# Token Tree Analysis with Gemma
This notebook demonstrates how to build and analyze a token decision tree from the Gemma 2 model. The token tree explores multiple generation paths based on probability thresholds, providing insights into the model's token selection process.

## Installation
Install necessary libraries for model inference, data manipulation, and visualization.

In [1]:
!pip install torch transformers pandas accelerate numpy huggingface-hub



## Authentication
Login to Hugging Face to access the Gemma 2 model.

In [2]:
import os
import sys
from huggingface_hub import login

if 'google.colab' in sys.modules or os.environ.get('COLAB_RESEARCH_RUNTIME') == 'true':
    from google.colab import userdata

    try:
        # Try to retrieve token from Colab secrets
        token = userdata.get('HF_TOKEN')
    except:
        # Fallback to environment variable or manual input
        token = os.environ.get('HF_TOKEN')
else:
    token = os.environ.get('HF_TOKEN')

if token:
    login(token=token)
else:
    print("HF_TOKEN not found. Please login manually.")
    login()

## Imports
Import required libraries for tensor manipulation, model handling, and data structures.

In [3]:
import json
import torch
import networkx as nx
import matplotlib.pyplot as plt
import torch.nn.functional as F
from transformers import AutoTokenizer, AutoModelForCausalLM

## Model Loading
Load the Gemma 2 model and tokenizer. Ensure you have access to the model on Hugging Face.

In [4]:
model_id = "google/gemma-2-2b-it"

tokenizer = AutoTokenizer.from_pretrained(model_id)
model = AutoModelForCausalLM.from_pretrained(
    model_id,
    torch_dtype=torch.bfloat16,
    device_map="auto"
)

tokenizer_config.json:   0%|          | 0.00/47.0k [00:00<?, ?B/s]

tokenizer.model:   0%|          | 0.00/4.24M [00:00<?, ?B/s]
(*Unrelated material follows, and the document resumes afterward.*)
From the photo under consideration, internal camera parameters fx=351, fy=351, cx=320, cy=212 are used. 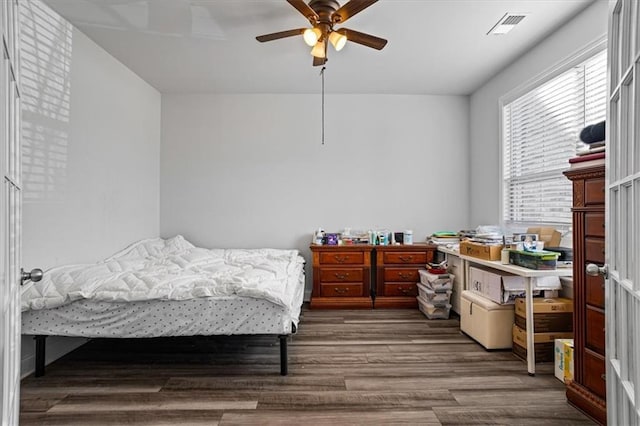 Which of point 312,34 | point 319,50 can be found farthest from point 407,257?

tokenizer.json:   0%|          | 0.00/17.5M [00:00<?, ?B/s]

special_tokens_map.json:   0%|          | 0.00/636 [00:00<?, ?B/s]

config.json:   0%|          | 0.00/838 [00:00<?, ?B/s]
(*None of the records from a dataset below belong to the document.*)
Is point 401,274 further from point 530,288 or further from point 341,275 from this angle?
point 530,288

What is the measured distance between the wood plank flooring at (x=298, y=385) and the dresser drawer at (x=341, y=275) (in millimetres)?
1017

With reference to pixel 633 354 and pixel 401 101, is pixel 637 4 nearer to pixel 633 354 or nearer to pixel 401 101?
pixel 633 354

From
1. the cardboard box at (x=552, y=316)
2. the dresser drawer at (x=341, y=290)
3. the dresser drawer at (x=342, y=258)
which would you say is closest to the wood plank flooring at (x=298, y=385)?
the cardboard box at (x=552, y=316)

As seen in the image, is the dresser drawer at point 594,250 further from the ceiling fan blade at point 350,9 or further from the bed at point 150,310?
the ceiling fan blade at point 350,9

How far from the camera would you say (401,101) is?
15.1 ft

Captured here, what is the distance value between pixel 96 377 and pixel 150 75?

`torch_dtype` is deprecated! Use `dtype` instead!


model.safetensors.index.json:   0%|          | 0.00/24.2k [00:00<?, ?B/s]

Fetching 2 files:   0%|          | 0/2 [00:00<?, ?it/s]

model-00002-of-00002.safetensors:   0%|          | 0.00/241M [00:00<?, ?B/s]

model-00001-of-00002.safetensors:   0%|          | 0.00/4.99G [00:00<?, ?B/s]

Loading checkpoint shards:   0%|          | 0/2 [00:00<?, ?it/s]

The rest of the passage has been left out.